● **Work instructions**: Transcribe only the stretch of lines that opens with the line containing "Bateria para Bosch" and closes with the last line of the listing, skipping pictures.

● **Exercise input**:
*-*-*

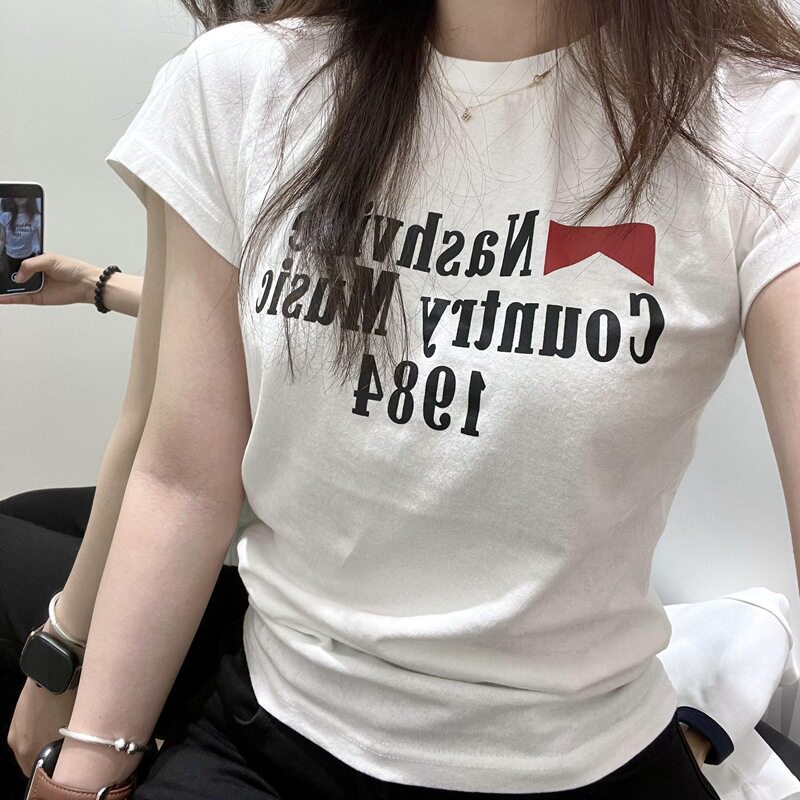 hollister小海鸥BM风T恤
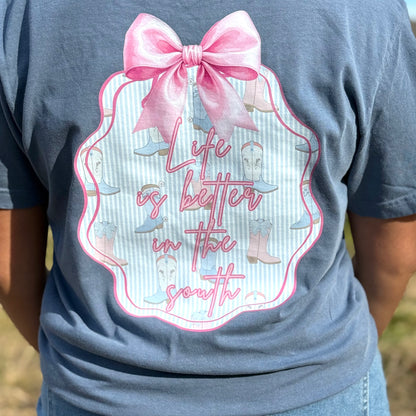Envy Stylz Boutique Women - Apparel - Shirts - T-Shirts Life Is Better In The South Graphic T-shirt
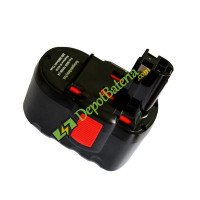 Bateria para Bosch 24VE-2 3960 3924 52324B 52324 3452 24Volt PSB 3924-24 substituição de bateria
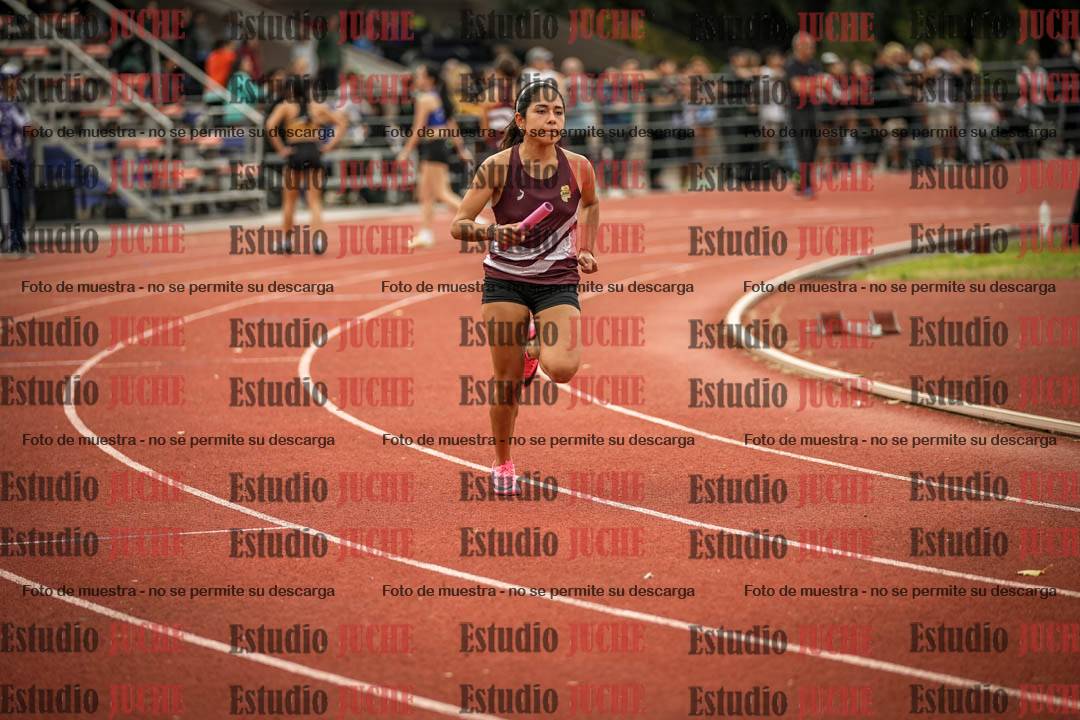 Fotos de las postas 4x400 m llanos de mujeres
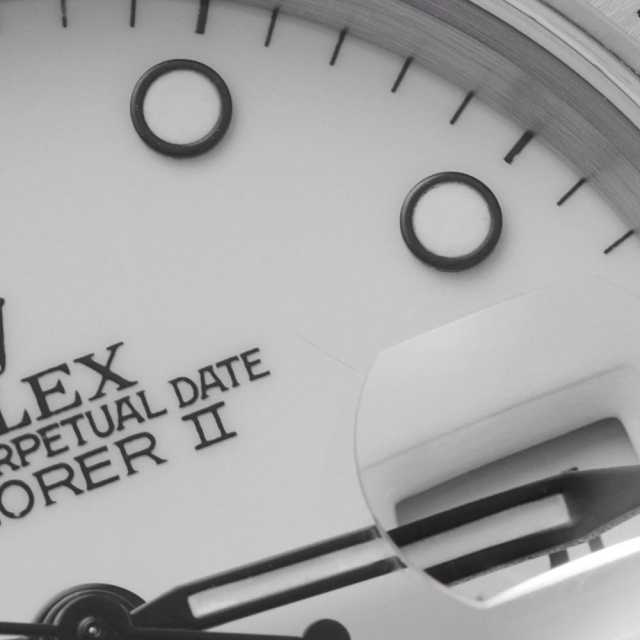 16570 ホワイト ROLEX（ロレックス）エクスプローラーII 中古 | 東京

*-*-*

● **Output below**:
 Bateria para Bosch 24VE-2 3960 3924 52324B 52324 3452 24Volt PSB 3924-24 substituição de bateria
 Fotos de las postas 4x400 m llanos de mujeres
 16570 ホワイト ROLEX（ロレックス）エクスプローラーII 中古 | 東京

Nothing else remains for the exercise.